Shaolin Kung Fu ist niemals nur Technik. Die Formen sind Meditation in Bewegung, die Bewegung verkörpert die Verschmelzung von Geist und Materie. Stundenlang übte ich einfache Grundstellungen – bis Muskeln zitterten und der Verstand verstummte. Erst dann begann das eigentliche Lernen: das stille Wirken des „Yi“, das Fliessen des „Qi“ durch die Meridiane, die Erkenntnis, dass wahre Meisterschaft im Loslassen liegt. Mein Shifu pflegte stets zu sagen: „Sei wie der Bambus – fest verwurzelt in der Erde, doch leer im Kern, damit der Wind den Weg hindurchfindet.“
Nach jedem Training sassen wir auf niedrigen Hockern, Tonbecher in den Händen. Während der Pu Erh Tee unsere Müdigkeit vertrieb, wurden diese Gespräche zur eigentlichen Übung. Der Meister sprach selten von Kampf – stattdessen von „Wu Wei“ (Handeln durch Nicht-Handeln), vom Gleichgewicht wie bei Yin & Yang, oder davon, warum ein guter Kämpfer erst dann siegt, wenn er den Kampf in sich selbst beendet hat. Diese Stunden lehrten mich: Die wahre Schlacht findet zwischen Eigenbild und Wirklichkeit statt.
Mit den Jahren wurde mir klar. Wie die Mönche einst indische Sutren ins Chinesische übertrugen, so versuche ich heute, Essenz und Geist dieser Lehren über die grosse kulturelle Kluft nach Europa in die Schweiz zu tragen. Eine gewaltige Aufgabe – denn wie übersetzt man „Xin Shen Fa“ (Herz-Geist-Methode) in eine Sprache, die zwischen „Fitness“ und „Selbstoptimierung“ denkt? Doch nach 25 Jahren ist dieser Dialog zu meiner Lebensmelodie geworden.

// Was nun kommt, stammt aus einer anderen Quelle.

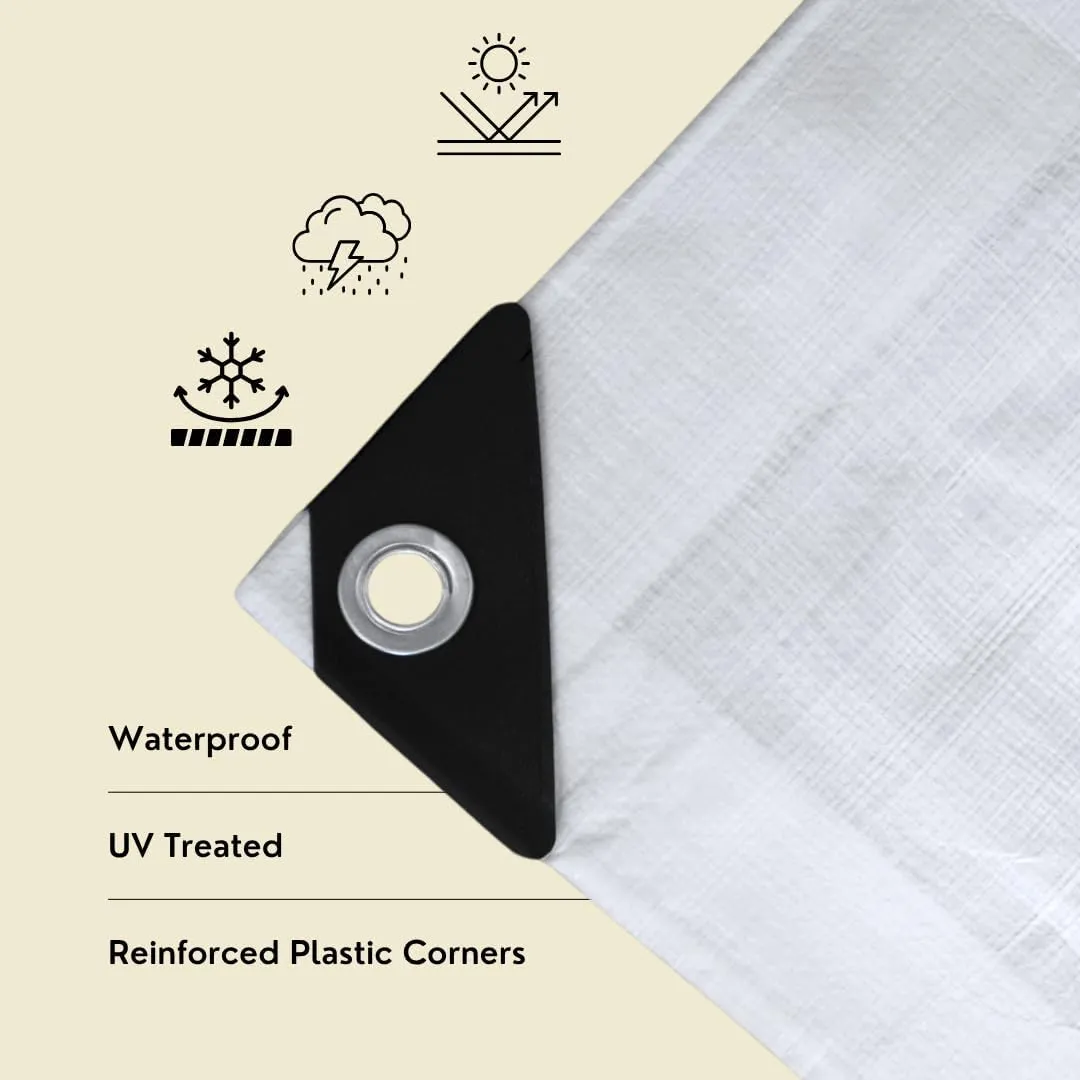 TARP SUPPLY Inc.10'x10' White Poly Tarp–8 Mil Waterproof,UV-Resistant Tarpaulin with Aluminum Grommets Reinforced Edges for Party Tents,Roofs,Boats,RVs,Furniture,Farm & Outdoor Use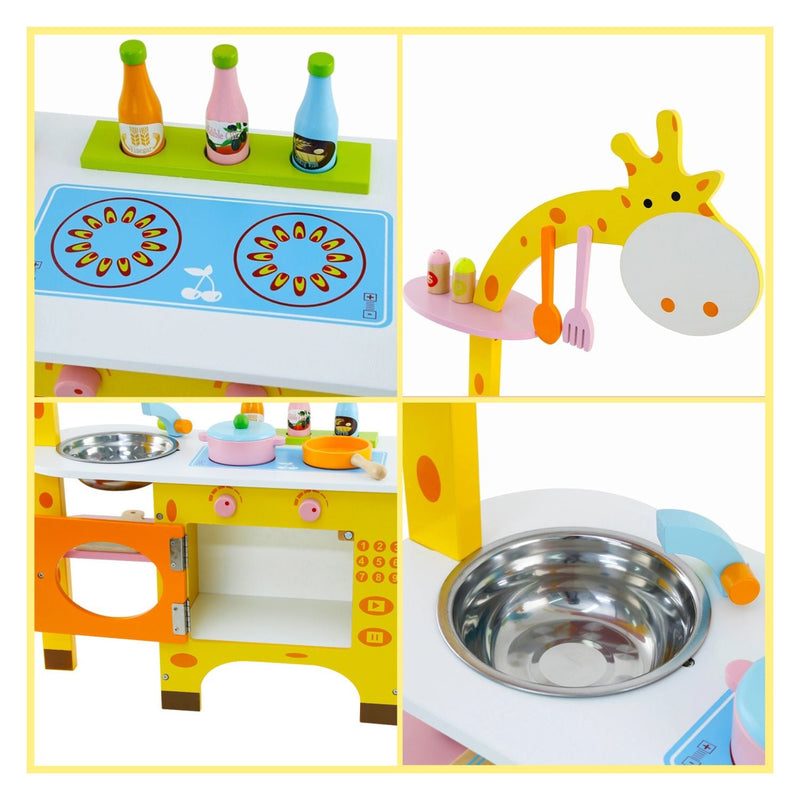 EKKIO Wooden Kitchen Playset for Kids (Giraffe Shape Kitchen Set) - NuSea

Jedes Detail – die Präzision der Qinna-Hebel, die Poesie der alten Kampfgedichte, selbst die Art, wie ein Meister Tee einschenkt – trägt dieselbe Botschaft: Wahre Kunst entsteht dort, wo Disziplin und Hingabe eins werden.

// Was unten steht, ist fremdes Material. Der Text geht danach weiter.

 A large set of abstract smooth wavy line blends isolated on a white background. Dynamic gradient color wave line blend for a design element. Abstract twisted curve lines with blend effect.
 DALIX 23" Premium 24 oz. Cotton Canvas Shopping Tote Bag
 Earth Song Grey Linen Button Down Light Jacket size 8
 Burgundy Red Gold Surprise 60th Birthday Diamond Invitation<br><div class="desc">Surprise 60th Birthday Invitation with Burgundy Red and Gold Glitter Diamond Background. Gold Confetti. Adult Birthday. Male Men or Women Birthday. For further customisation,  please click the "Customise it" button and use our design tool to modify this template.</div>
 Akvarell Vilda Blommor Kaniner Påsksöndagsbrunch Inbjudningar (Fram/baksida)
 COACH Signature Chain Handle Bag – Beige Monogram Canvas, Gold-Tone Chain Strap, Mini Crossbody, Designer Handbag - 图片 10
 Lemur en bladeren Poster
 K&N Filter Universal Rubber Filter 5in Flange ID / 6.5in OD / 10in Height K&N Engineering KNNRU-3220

Jahrelang glaubte ich, ich müsse das Gelernte „weitergeben“. Bis ich begriff: Wahres „Wu De“ lässt sich nicht vermitteln – nur vorleben. Wie soll man „Yi Zhi Chan“ (Fingerzeig des Chan) erklären? Oder die Stille beschreiben, die entsteht, wenn Shen (Geist) und Xin (Herz) im Dan Tian verschmelzen? Jede Geste, jeder Blick, jedes Schweigen in meiner Schule trägt dieselbe Wahrheit: Der Weg entsteht im Gehen. Die Herausforderungen – kulturell, sprachlich, menschlich – sind geblieben. Doch sie wiegen nichts gegen die eine Erkenntnis:
Man muss niemand werden!
Nicht der perfekte Meister. Nicht der weise Vermittler. Die Erfahrungen haben mich gelehrt: Fertig sein heisst aufhören. Im Chan gibt es kein Ziel, nur den Moment, in dem der Übende erkennt, dass er schon immer dort war.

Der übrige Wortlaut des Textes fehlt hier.